According to one embodiment, an optical device for projecting an image has a configurable optical diffuser adapted to produce a diffuse optical beam having a temporally varying pattern of angular divergence. The optical device also has a fly's eye (FE) integrator adapted to shape the diffuse optical beam. The optical device further has a spatial light modulator (SLM) adapted to spatially modulate the shaped optical beam produced by the FE integrator to project the image.
According to another embodiment, an optical device for projecting an image has a pair of crossed cylindrical lenses to provide collimated coherent light. The optical device also has a moveable diffuser to receive the collimated coherent light to produce a diffuse optical beam having a temporally varying pattern of angular divergence. The optical device further has a plurality of lenslet pairs arranged side by side with each other and adapted to shape the diffuse optical beam.
Other aspects, features, and benefits of various embodiments of the invention will become more fully apparent, by way of example, from the following detailed description and the accompanying drawings, in which:
Light source 110 has a set of three lasers 112a, 112b, and 116, each adapted to generate pulsed light of a designated color, e.g., red, green, and blue, respectively. Lasers 112a-b and 116 can be synchronized so that modulator section 160 receives a periodic train of pulses.

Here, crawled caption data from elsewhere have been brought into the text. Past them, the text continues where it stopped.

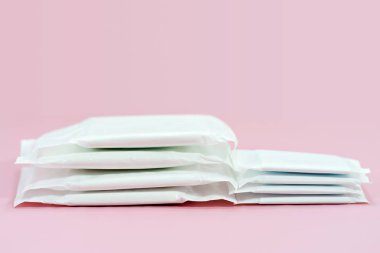 Sıhhi peçete yastık pembe bir arka plan üzerinde yığılmış.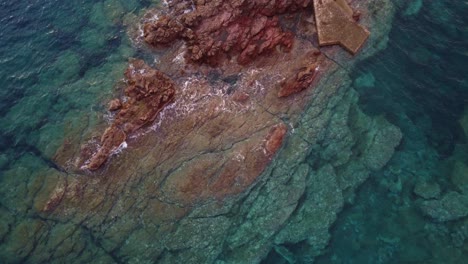 Aerial-bird's-view-of-incredible-lighthouse-reveals,-offshore-rocks,-zoom-out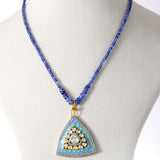 A stunning fusion-style pendant and earring set featuring Firoza Meena, Diamond Polki, and brilliant diamonds, elegantly paired with sapphire bead strands for a vibrant, luxurious, and timeless statement look.(KMPE1381)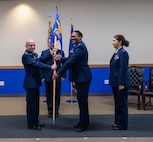 Lt. Col. Lena Williams Cox receives the 559 Trainee Health Squadron guidon flag which signifies their unit designation and branch/corps affiliation or the title of the individual who carries it.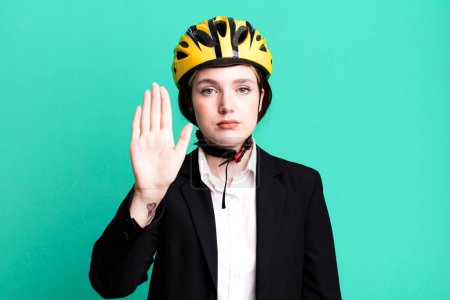 Foto de Joven bonita mujer mirando serio mostrando abierta palma haciendo gesto de parada. concepto de bicicleta y mujer de negocios - Imagen libre de derechos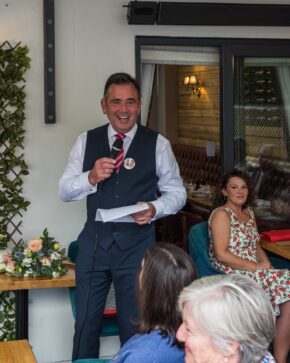 Groom laughing while delivering a speech holding notes and a microphone during the Pamela and Philip wedding reception, photographed by Charlie Hannah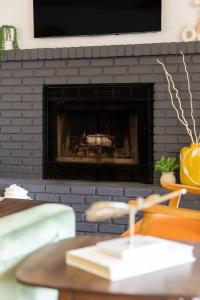 a living room with a brick fireplace with a tv at Mid-Century Flagstaff Mtn Condo in Flagstaff +32 photos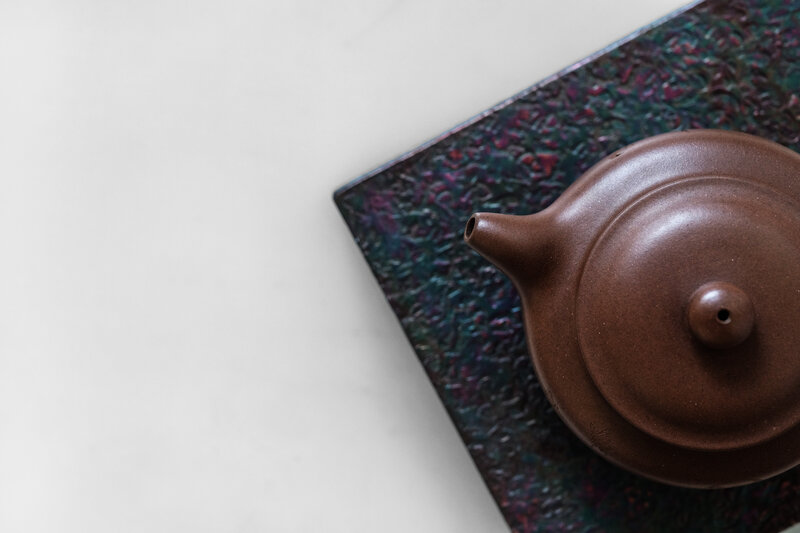 Brown Teapot on Mat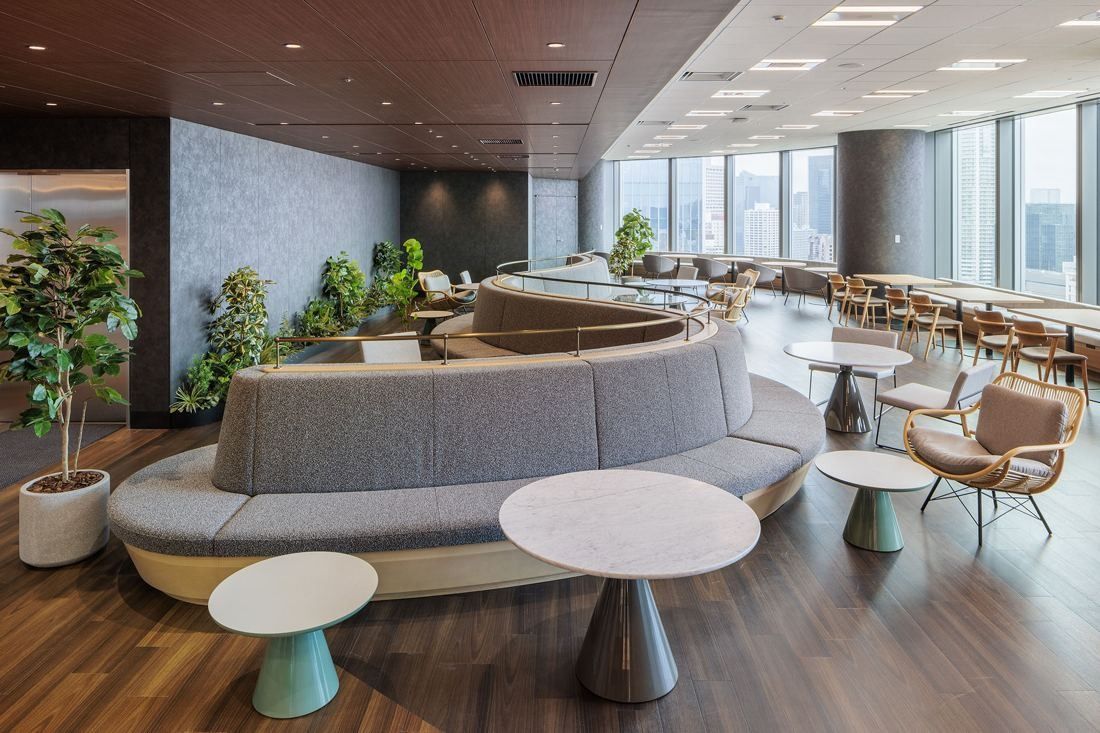 KDDI: A lounge with curved grey sofas, round white tables and plants beside tall windows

For example, each illumination period may have three or more sequential pulses of different colors, wherein the pulses appear at a selected repetition rate. Commonly owned U.S. Pat. No. 7,502,160 and U.S. Patent Application Publication No. 2009/0185140 describe various methods of time multiplexing light pulses of various colors suitable for use in light source 110. Said U.S. Patent and U.S. Patent Application Publication are incorporated herein by reference in their entirety.
Optical beams 114a-b generated by lasers 112a-b are diverging or collimated light beams, each having a generally oval cross-section. The generally oval cross-section is produced because laser 112 emits light having different angular spreads along different axes orthogonal to the emission axis of the laser. For example, laser 112a emits light having different angular spreads along the Y and Z coordinate axes. Similarly, laser 112b emits light having different angular spreads along the X and Z coordinate axes.
Optical beam 118 generated by laser 116 is a diverging or collimated light beam having a generally circular cross-section. This generally circular cross-section is produced because laser 116 emits light having substantially the same angular spreads along different (e.g., Y and Z) axes orthogonal to the emission axis of the laser. An elliptical diffuser 120 located in front of laser 116 transforms optical beam 118 into a diverging light beam 122 having a generally oval cross-section, thereby making light beam 122 qualitatively similar to light beams 114a-b.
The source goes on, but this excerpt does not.